The Bald Soprano and The Lesson - Eugene Ionesco

One of the masters of absurdist play,  Eugene Ionesco was always a playwright I wanted to read. It was thus important to start with his most celebrated plays. The new translations of his two most important plays , could possibly have been the best way to begin. I'm a great fan of the absurdist plays. Having read this book, I am still a bit hazy about the book. While the Lesson was superb and far too easy to comprehend and appreciate, The Bald Soprano was a bit of cause of concern. May be it demand another read.

The Bald Soprano, apparently the first play written and staged by Eugene Ionesco, has a connection with his learning English. Two English families, the Smiths and the Martins ( who visit the formers at their home) , evidently goes through the 'often irrelevant  conversation.  Joining by the local Fire Chief ( supposedly the lover of Mrs. Smith) joins the conversation of the group with his own stupid tales and the collective recital of some meaningless poems.  The trivial conversation turns into a group chant, post the departure of the fire chief, with the team shouting in unison "Dont say they are there. I hear they are here". The play ends with the Martins taing over the role of Smiths with an evident continuation of the same with a newer set of entrants.

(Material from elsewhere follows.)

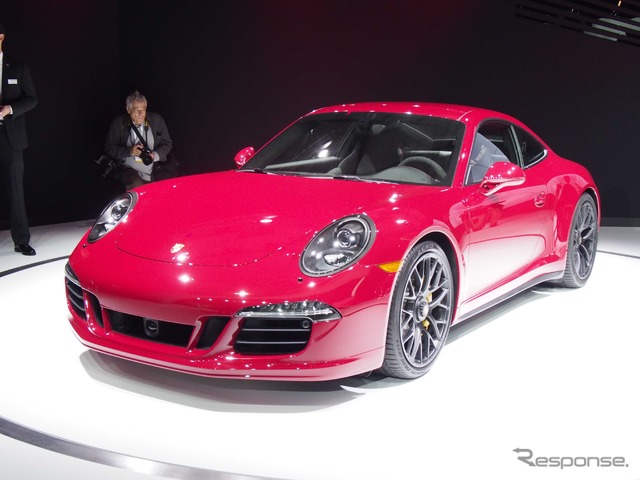 ポルシェ 911 カレラGTS(ロサンゼルスモーターショー14)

The Lesson is more structured in language and flow. While the end is the beginning ( as in the case of The Bald Soprano), its fairly more straight forward. The timid Old Professor receives a new disciple for tuition. As the 'education' and 'testing of the intelligence' continue, the change of attitude and style of the professor takes gradual change, ending with the murder of the student. To me this is more of an actors play. It's the changes in the character progressively altering from timid to a angry , unhappy man  over a short span of time was brilliant., and the confident youth turning into a meek , quiet student.  The third cast , the maid of the Professor, is a silent witness to the whole thing, although she continue to warn the professor, not to take that path of discussion. As expected, the play ends with the beginning , with professor awaiting his next victim.

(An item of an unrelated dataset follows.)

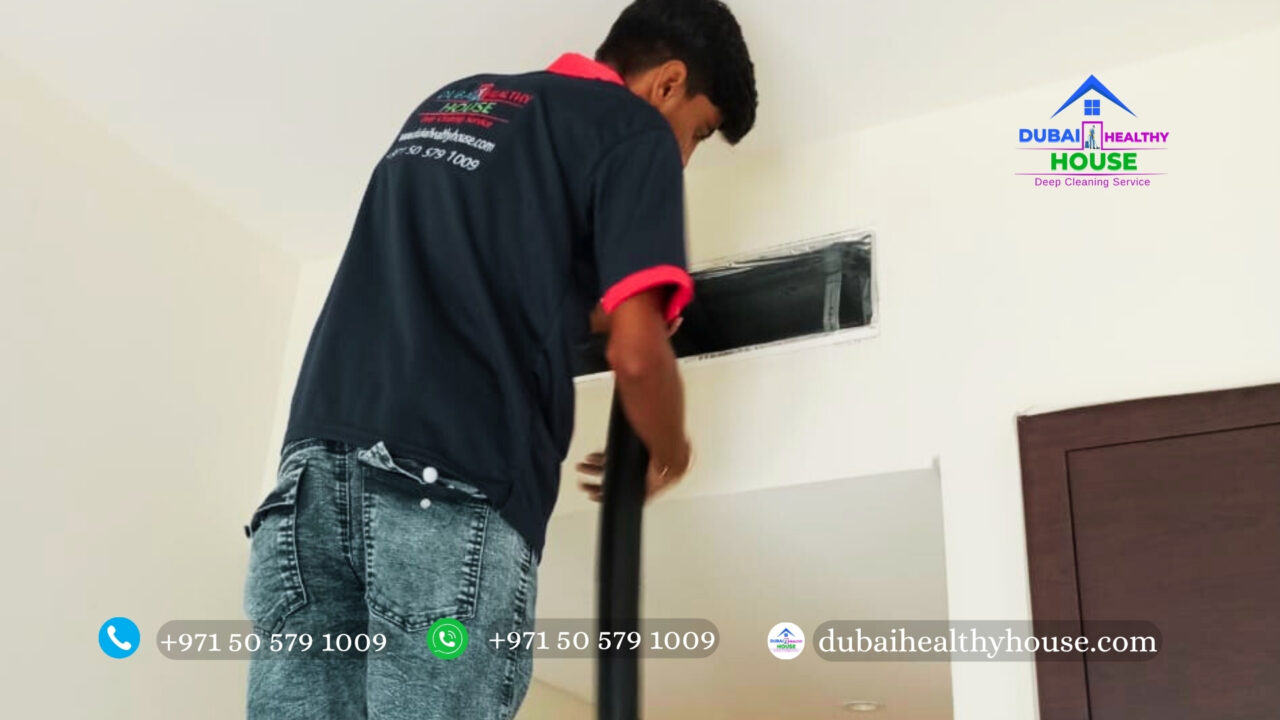 AC Duct Cleaning Services 4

Both these are one act plays and have this 360 degree continuation of the plot, thus making it a never ending repetitions. Both these, part of his early stages as a playwright, uses the language and conversations as a major tool.  The Bals Soprano is a funny play ( though it comes to us as an Anti-Play) and is with often ridiculous and disconnected dialogues especially towards the end. May be its the inability with the language, the words, that causes the catastrophe. May be he was trying to imply the limitations of language in communicating to one another. They talk, talk nonsense, to themselves and to the audience. While the Lesson ( called a Comic Drama), is nothing comic about it ( except may be the mathematical lessons of counting).  The professors frustrations with his students inability to understand, the anger on his own inability to pass the knowledge turning his frustration to anger resulting in the death of the students. On the students part, the early confidence of her age and youthfulness is slowly giving way to fear as she is exposed to her own limited capabilities. 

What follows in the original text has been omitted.